Published : 17/07/2025
The term "low-altitude economy" broadly refers to economic activities conducted at altitudes below 1,000 m, primarily using drones and other aerial technologies.
It represents not only an emerging economic model but also a rapidly growing industry in China, widely regarded as a prime example of "new quality productive forces."
The "high-flying" low-altitude economy: Drones take the lead
As a burgeoning sector, China's low-altitude economy boasts an impressive scale.
Latest figures show that in 2024, the industry's total size reached approximately 670 billion RMB, with expectations to double to 1.5 trillion RMB by 2025. By 2035, it is projected to exceed 3.5 trillion RMB.
Among the various segments of the low-altitude economy, drones stand out as the driving force. In 2024 alone, the drone industry's scale hit 173.7 billion RMB, playing a pivotal role in logistics, agriculture, inspections, and more.
Policy support enables the low-altitude economy to "take off"
A key factor behind China's thriving low-altitude economy is its innovation prowess, accounting for 70% of global patent applications in this field—a clear indicator of its leading position. This success is underpinned by comprehensive policy support, infrastructure development, and regulatory frameworks.
In fact, the elevation of the low-altitude economy to a national strategic emerging industry did not happen overnight. As early as 2021, the Chinese government outlined in the "National Comprehensive Transportation Network Plan" its intention to integrate the low-altitude economy into the national transport strategy, setting a clear direction for its development.
The 2024 Government Work Report further identified the low-altitude economy as a crucial new engine for economic growth, signalling its ascent to a strategic level in national economic planning and securing strong governmental backing.
Subsequently, guided by national policies, local governments have actively responded. Cities such as Shenzhen, Guangzhou, Hefei, and Changsha have rolled out supportive policies and implementation guidelines to explore practical applications of the low-altitude economy.
Infrastructure and regulation ensure the low-altitude economy "flies far"
For the low-altitude economy to sustain long-term growth, robust infrastructure and effective regulation are essential.
Take drones, for example—their large-scale deployment relies heavily on stable, high-speed communication networks for command, dispatch, and data transmission. Thus, network infrastructure serves as the "nervous system" of the low-altitude economy.

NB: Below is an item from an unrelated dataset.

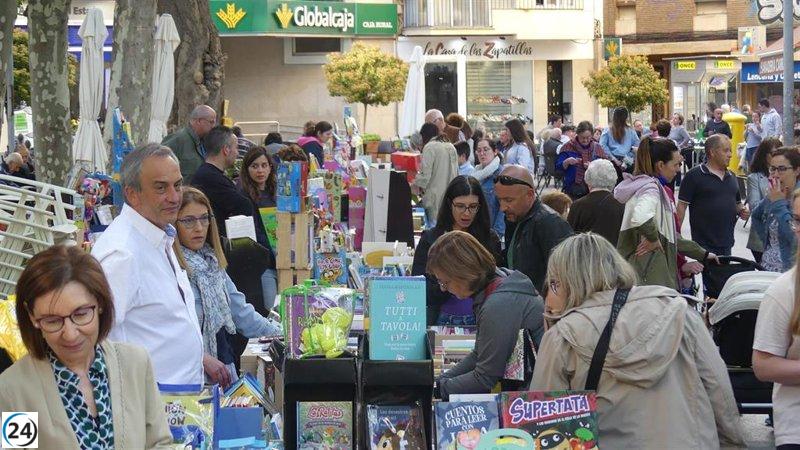 Los libreros de Cuenca regresan a la plaza de la Hispanidad con sus libros a la calle.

China currently leads the world in 5G and advanced 5G-A (5G-Advanced) network deployment, with the latter already covering over 330 cities, providing a solid communication backbone.
As drone applications expand, the number of devices in operation will inevitably rise. To ensure safe and orderly low-altitude operations, the Civil Aviation Administration of China (CAAC) has established the Unmanned Operation Management System (UOM), now one of the world's largest and most advanced integrated civilian drone regulatory platforms.
As of 2024, the UOM has registered over 3.2 million drone-related enterprises, effectively managing more than 1.2 million drones and issuing 270,000 drone pilot licenses. This system has preliminarily addressed the challenges of "visibility and control" in low-altitude airspace, laying a solid foundation for the industry's healthy development.
A promising future for China's low-altitude economy
China's low-altitude economy is still in its early stages, but with the combined efforts of national policy, infrastructure, and regulation, its prospects are highly optimistic.
Looking ahead, as policies continue to refine, infrastructure improves, and market demand grows, the low-altitude economy is poised not only to inject new momentum into economic growth but also to profoundly transform production and lifestyles across society.